Most people would say that they don’t, and the world of play advocates stands by to exhort: Hey! You need to play more, buddy! Get outside! Jump in a puddle! Snuggle up at home and do a puzzle! Play a game or start learning archery! Do anything besides work, binge senseless TV series and doom scroll.
The call to more play remains an enticing antidote in a culture that routinely devalues or often marginalizes play, particularly adult play. We have a bad habit of overworking and then narcotizing ourselves with anything desperately to recharge before the next onslaught of productivity. Sometimes, we even come home from work and work more to feel better about work. Even worse, in our go-go culture, we too often optimize our downtime around fast-casual dining, fast-casual media and fast-casual, drive-by relationships. Ugh.
If all work and no play makes Jack a dull boy, as the old saying advises, maybe no work and all play would be the way to go. If we played all the time and never worked, would we feel better? Would we be happier? The knee-jerk reaction seems to urge a full-throated YES. But really? Is play a utopia?
In his book, The Grasshopper, philosopher Bernard Suits sets up a conversation between Aesop’s grasshopper and the ants. As you may recall from the fable, the grasshopper fiddled and fooled around all summer while the ants labored. When the cold weather set in, the grasshopper had nothing and had to rely on but the generosity and largess of the hardworking ants. In Suits’ retelling, the ants offer the grasshopper food and shelter, but the hopper rebuffs them. He’d rather perish in the cold of winter than regret playing all summer or be in debt to the ants for future work. So, in this version of the parable, the grasshopper dies.

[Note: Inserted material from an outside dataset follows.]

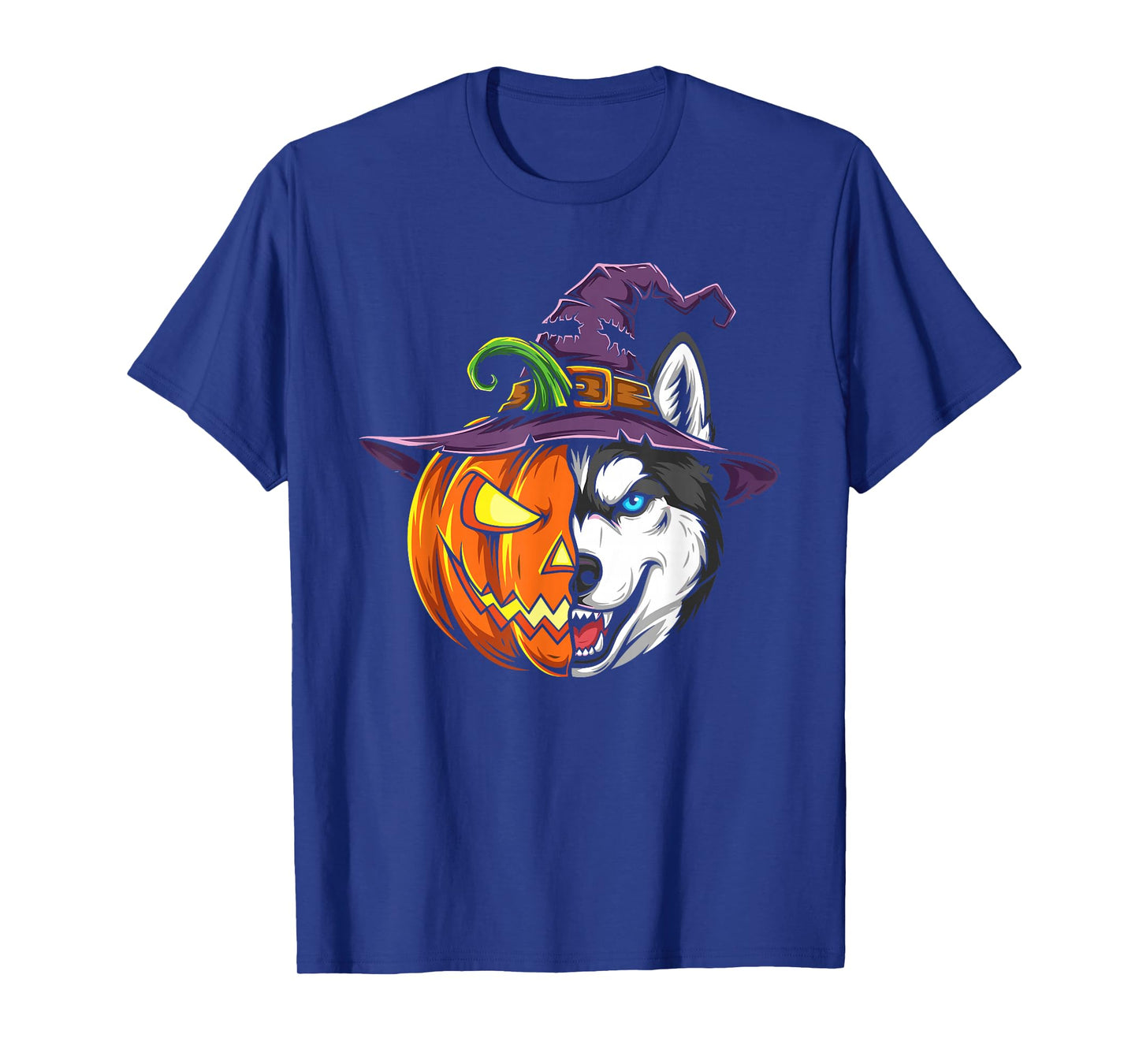 Siberian Husky Pumpkin Jack O Lantern Halloween Mens Womens T-Shirt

But doesn’t this skip over a truth—work can be deeply satisfying? Maybe there is another way of thinking about this.
The great British historian Arnold J. Toynbee once opined, “The supreme accomplishment is to blur the line between work and play.” He saw something important in civilizations that treated work as a form of joyful expression. Perhaps he never thought of it this way, but it seems he saw something significant in the idea that you should “Whistle while you work.”
Making work fun has long been a goal of management looking to juice more productivity from workers. For Toynbee, the idea wasn’t to sugarcoat unpleasant labor but to find joy in the work. And the only reason this sounds provocative is because we have this false dichotomy between play and work. As a culture and a worldview, we have embraced the idea that everyone is working for the weekend. Work sucks, but I need the bucks—presumably to spend at least some of that on something outside of work that is fun enough to make work tolerable.
This work/play dichotomy misses the much more obvious truth that there is such a thing as playful work, and certainly, there is serious play. Anyone who looks forward to their job understands that it comes with a sense of play. Anyone serious about play knows how much fun it is to get deep into what you are doing. When you think about work as purposeful making and play as a kind of embodied experience—as fun—then work and play enter a dance. Suddenly, it’s okay for work to be hard and challenging and difficult because the effort is connected to meaning. It is also okay for work to be very playful, creative, joyful and engaging.
Back to the question at hand. Would more play and less work always be the right choice?
At this point, you should have some questions about that question. If work was more like play and play embodied the meaningful-making aspects of work, what would it mean to play more and work less?
Before we answer that question, one more observation.
In general, play is self-modulating. That is, if we play too long, we get tired of playing. If we go on a beach vacation, eventually, we decide to get off the sand and eat dinner, read a book or go to bed. If we visit Disneyland and spend 12 hours in the park one day, the next day, we might feel pretty good about sleeping in a little bit because we’re tired. In that sense, play self-regulates or modulates because we recognize that the purpose of play is to feel joy and engage in meaning-making. It is challenging to play too much because we have to take a break to recharge our play batteries and enjoy playing. At the same time, work is not so self-regulated or modulated.
Cultural norms and our bank account constantly remind us that more work is better. It runs deep. America was founded by a bunch of Pilgrims who told us that “idle hands are the tools of the devil.” Even today, guys like Musk and Ramaswamy tell us that we should be working 80 hours a week or we are lazy. The entire capitalist system demodulates or deregulates us around work because it assumes that if work is good, more work is better. Notice here that the rhetoric is always around control and the premise that work and play are different things. It turns out the systems of power are most comfortable when play is separated from work and work is under management.
Put all this together, and you reach a workable answer to the question, “Is more play better?” If you don’t buy into the play/work dichotomy, the real question is simply one of balance. It follows then that you should always ask if your work is playful enough and if you are taking your play seriously enough! Beyond that, remember to introduce some of the self-regulation into your work life that you naturally have in play.